A book of the late nun's short meditations is perfect reflection of this down-to-earth holy woman

I have just been reading a small book, published by ETWN, entitled Praying with Mother Angelica. They are all short meditations on the Rosary, the Way of the Cross and other well-known prayers and were first published in the 1970s when Mother Angelica’s nuns started printing her devotional writings at Our Lady of the Angels Monastery in Alabama. Amazingly, they were soon producing over 25,000 copies of these pamphlets every day – rather reminiscent of St Maximilian Kolbe’s own publishing venture at his Franciscan monastery in Poland before the war. An apostolate blessed by the Holy Spirit will always flourish.

As one would expect from this down-to-earth holy woman, her meditations are pithy and straightforward (just the opposite of the writings of the late theologian, Bernard Lonergan SJ, which I was given recently and which I put aside after a brief and unsuccessful struggle to work out what he was saying). For example, meditating on Our Lady’s Fiat at the Annunciation, Mother Angelica writes, “We live in a world that does not accept the Father’s wisdom, does not trust in His providence, does not believe in His power.”

For the Baptism of Our Lord, she comments, “Only Jesus is Saviour. Only Jesus is the Messiah. Only Jesus is Lord. Only Jesus prepares a place for us in eternity.” And for the Agony in the Garden, she writes, “Your example of resignation, acceptance and love makes me realise that the Father has my life in His hands, and nothing happens to me that is not for my good.”

A final quote: for the Ascension Mother Angelica writes, “I want to rise above the demands of my emotions and have the courage to live in spirit and truth.” I give these examples to show her clarity, simplicity and profound faith, evident in her writing style – and in her broadcasts – which have proved so successful in communicating the Faith to millions of Catholics. In certain Catholic circles Mother Angelica was mocked as a “conservative”; actually she was simply a courageous Catholic who loved her Faith and who knew how to share it on a level that ordinary Catholics could understand. She, alongside Archbishop Fulton Sheen and St John Paul II, recognised that the new media could be harnessed to spread the Good News.

I wrote on Mother Angelica, who died on Easter Sunday, in a recent blog about psychologist Oliver James’s book, Not in Your Genes to show that neither nurture nor nature determine human behaviour, though they certainly influence it. Christians know that, whatever the dire circumstances of childhood or “bad genes”, grace can transform nature, even as it builds upon it.

Revelations in the Telegraph last Saturday concerning the paternity of the Archbishop of Canterbury, Justin Welby, teach a beautiful lesson on the transformative power of Christian faith. Like Mother Angelica, the Archbishop had a difficult and lonely childhood which he has described, with some understatement, as “messy”. His parents, who divorced when he was two, were both alcoholics throughout his childhood. His mother overcame her addiction in 1968 when he was 12 but his (supposed) father, who died of alcoholic abuse when he was 21, caused much heartache for his son by his behaviour.
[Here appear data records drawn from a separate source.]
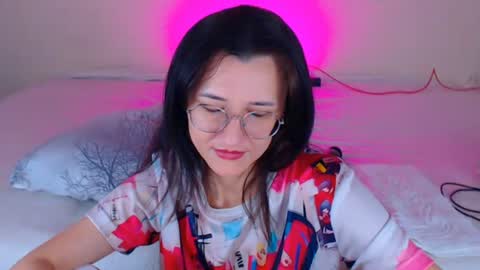 Snapshot of dorotty_ chatting on 10-10-25, 01:15 Your Dorotty online show from 10-10-25, 01:15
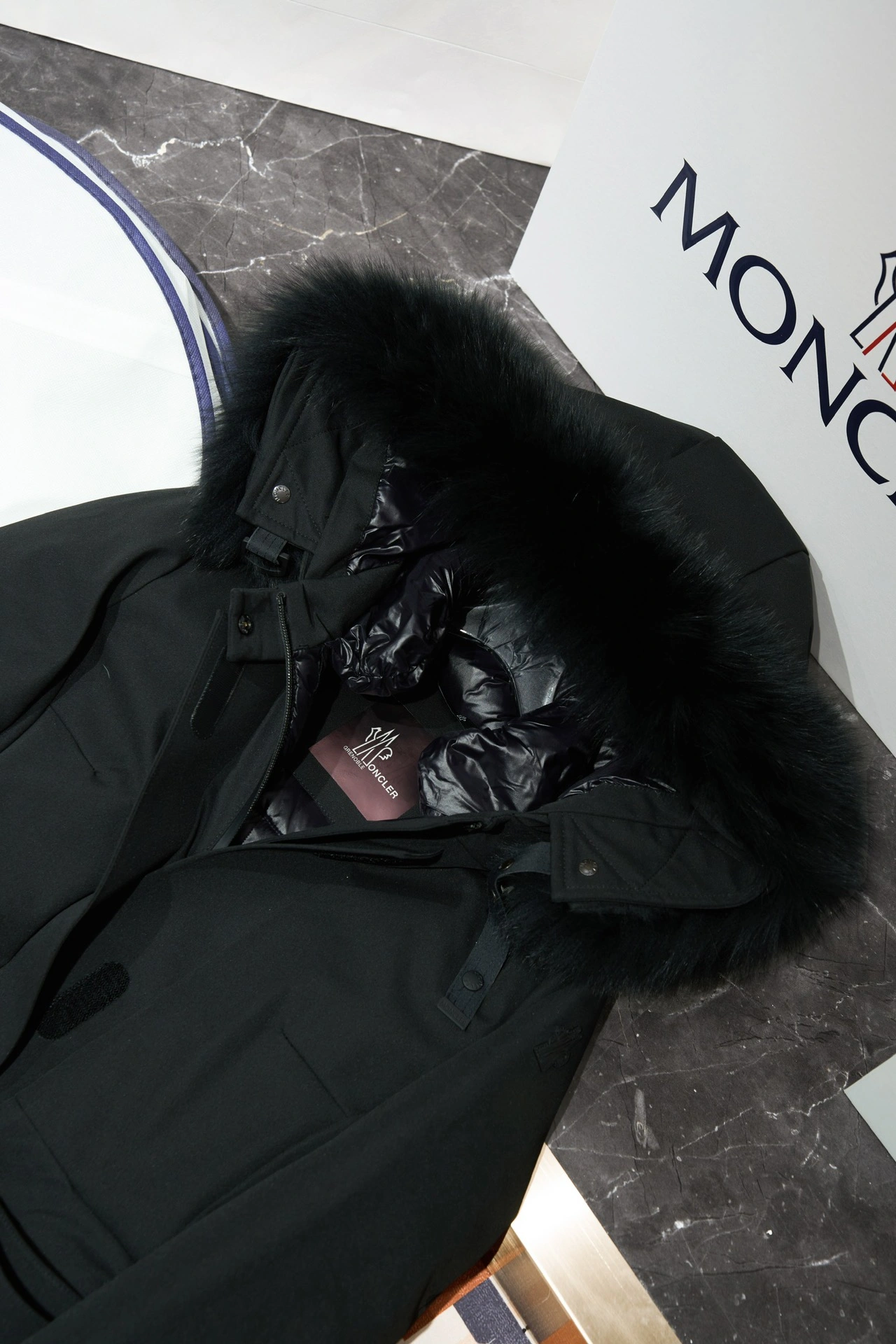 Thermal Moncler Down Jackets 146232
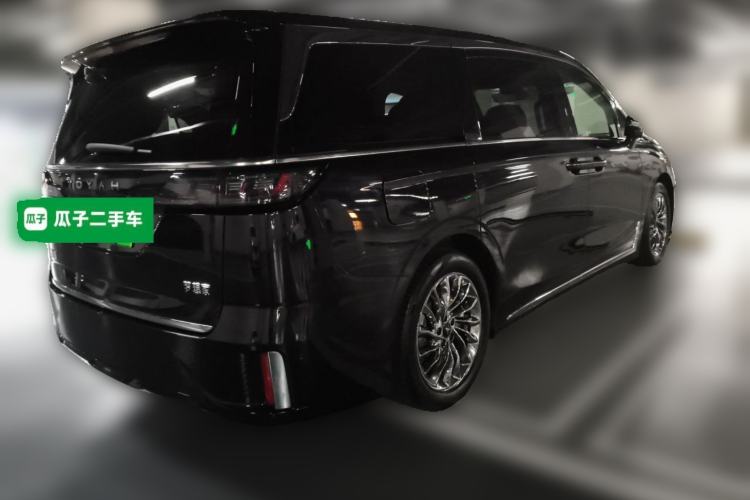 Used VOYAH Dream 2024 PHEV Ultra-Long Range Flagship Edition Rear Right 45 Deg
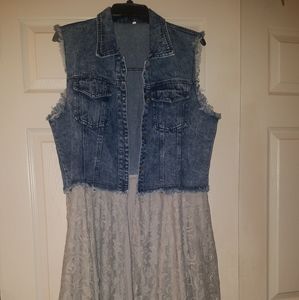Denim vest with lace skirt tag says 3X but fits more like a 16/18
Now, aged 60, the Archbishop has learnt from DNA tests that his real father was actually Churchill’s last private secretary, Sir Anthony Montague Browne, with whom his mother had a brief fling just before she married Gavin Welby. This could have been a sordid scandal, the kind of “revelation” which all newspapers love to publicise. Instead, the Archbishop’s response has been a powerful witness to Christian teaching. I found his statement in response to the news of his paternity an inspiring example of the strength that faith can give. He writes, “I know that I find who I am in Jesus Christ, not in genetics, and my identity in him never changes…Although there are elements of sadness and even tragedy in my father’s case, this is a story of redemption and hope from a place of tumultuous difficulty and near despair in several lives. It is a testimony to the grace and power of Christ to liberate us and redeem us …”

Like Mother Angelica, whose father left her mother when she was very young, Archbishop Welby trusts that he has been given the strength to rise above “the demands of my emotions” and that “the Father has my life in His hands.” Indeed, he gives a message of great hope to all those who will never know who their human father is, perhaps because of anonymous sperm donation or for some other reason. Whatever the circumstances of our conception and upbringing, our conversion to Christ – Welby himself became a Christian as an undergraduate at Cambridge – and coming to know the love of God, our heavenly Father, changes everything.